■ **WHAT TO DO**: Go through the entries below from the first line and output each one exactly, up to and including the line with "MAZDA CX-9 2012 - JM3TB3CA6C0367655".

#### THE INPUT

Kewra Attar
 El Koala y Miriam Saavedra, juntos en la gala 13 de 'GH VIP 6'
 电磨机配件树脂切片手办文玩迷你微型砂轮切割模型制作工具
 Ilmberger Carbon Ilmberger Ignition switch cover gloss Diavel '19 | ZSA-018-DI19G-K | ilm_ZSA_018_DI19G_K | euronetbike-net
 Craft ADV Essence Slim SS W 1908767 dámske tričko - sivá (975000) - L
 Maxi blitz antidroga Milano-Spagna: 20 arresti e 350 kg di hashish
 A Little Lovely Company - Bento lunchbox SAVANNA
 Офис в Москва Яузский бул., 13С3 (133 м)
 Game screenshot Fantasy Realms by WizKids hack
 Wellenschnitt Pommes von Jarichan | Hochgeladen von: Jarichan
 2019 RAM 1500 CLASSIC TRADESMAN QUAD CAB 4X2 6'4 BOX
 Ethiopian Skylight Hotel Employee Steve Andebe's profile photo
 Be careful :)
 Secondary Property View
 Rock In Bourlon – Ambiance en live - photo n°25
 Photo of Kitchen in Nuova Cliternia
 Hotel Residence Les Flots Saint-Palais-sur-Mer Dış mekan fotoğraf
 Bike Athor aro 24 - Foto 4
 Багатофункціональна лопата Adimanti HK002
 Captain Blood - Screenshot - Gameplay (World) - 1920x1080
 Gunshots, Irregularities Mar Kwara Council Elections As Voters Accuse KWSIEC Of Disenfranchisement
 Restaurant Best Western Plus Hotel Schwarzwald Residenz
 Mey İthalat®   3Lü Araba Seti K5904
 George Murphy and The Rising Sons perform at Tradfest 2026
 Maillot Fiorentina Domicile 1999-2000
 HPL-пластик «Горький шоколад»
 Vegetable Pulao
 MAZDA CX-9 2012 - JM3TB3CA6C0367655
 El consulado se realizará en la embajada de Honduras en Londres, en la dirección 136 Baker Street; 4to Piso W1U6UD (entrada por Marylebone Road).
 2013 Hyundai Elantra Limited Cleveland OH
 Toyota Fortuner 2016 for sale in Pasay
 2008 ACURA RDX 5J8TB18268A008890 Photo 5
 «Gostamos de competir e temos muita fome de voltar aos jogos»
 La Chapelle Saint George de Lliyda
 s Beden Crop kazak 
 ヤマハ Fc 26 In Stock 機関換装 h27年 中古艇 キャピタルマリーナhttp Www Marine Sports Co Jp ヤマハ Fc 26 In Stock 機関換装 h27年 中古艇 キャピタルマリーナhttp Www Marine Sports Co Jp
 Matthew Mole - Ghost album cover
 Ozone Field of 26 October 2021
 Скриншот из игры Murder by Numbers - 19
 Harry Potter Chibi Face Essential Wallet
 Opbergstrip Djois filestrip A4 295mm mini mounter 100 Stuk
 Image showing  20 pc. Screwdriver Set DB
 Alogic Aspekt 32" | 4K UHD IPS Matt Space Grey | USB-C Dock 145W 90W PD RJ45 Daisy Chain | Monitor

########

■ **OUTPUT FOR THIS TASK**:
Kewra Attar
 El Koala y Miriam Saavedra, juntos en la gala 13 de 'GH VIP 6'
 电磨机配件树脂切片手办文玩迷你微型砂轮切割模型制作工具
 Ilmberger Carbon Ilmberger Ignition switch cover gloss Diavel '19 | ZSA-018-DI19G-K | ilm_ZSA_018_DI19G_K | euronetbike-net
 Craft ADV Essence Slim SS W 1908767 dámske tričko - sivá (975000) - L
 Maxi blitz antidroga Milano-Spagna: 20 arresti e 350 kg di hashish
 A Little Lovely Company - Bento lunchbox SAVANNA
 Офис в Москва Яузский бул., 13С3 (133 м)
 Game screenshot Fantasy Realms by WizKids hack
 Wellenschnitt Pommes von Jarichan | Hochgeladen von: Jarichan
 2019 RAM 1500 CLASSIC TRADESMAN QUAD CAB 4X2 6'4 BOX
 Ethiopian Skylight Hotel Employee Steve Andebe's profile photo
 Be careful :)
 Secondary Property View
 Rock In Bourlon – Ambiance en live - photo n°25
 Photo of Kitchen in Nuova Cliternia
 Hotel Residence Les Flots Saint-Palais-sur-Mer Dış mekan fotoğraf
 Bike Athor aro 24 - Foto 4
 Багатофункціональна лопата Adimanti HK002
 Captain Blood - Screenshot - Gameplay (World) - 1920x1080
 Gunshots, Irregularities Mar Kwara Council Elections As Voters Accuse KWSIEC Of Disenfranchisement
 Restaurant Best Western Plus Hotel Schwarzwald Residenz
 Mey İthalat®   3Lü Araba Seti K5904
 George Murphy and The Rising Sons perform at Tradfest 2026
 Maillot Fiorentina Domicile 1999-2000
 HPL-пластик «Горький шоколад»
 Vegetable Pulao
 MAZDA CX-9 2012 - JM3TB3CA6C0367655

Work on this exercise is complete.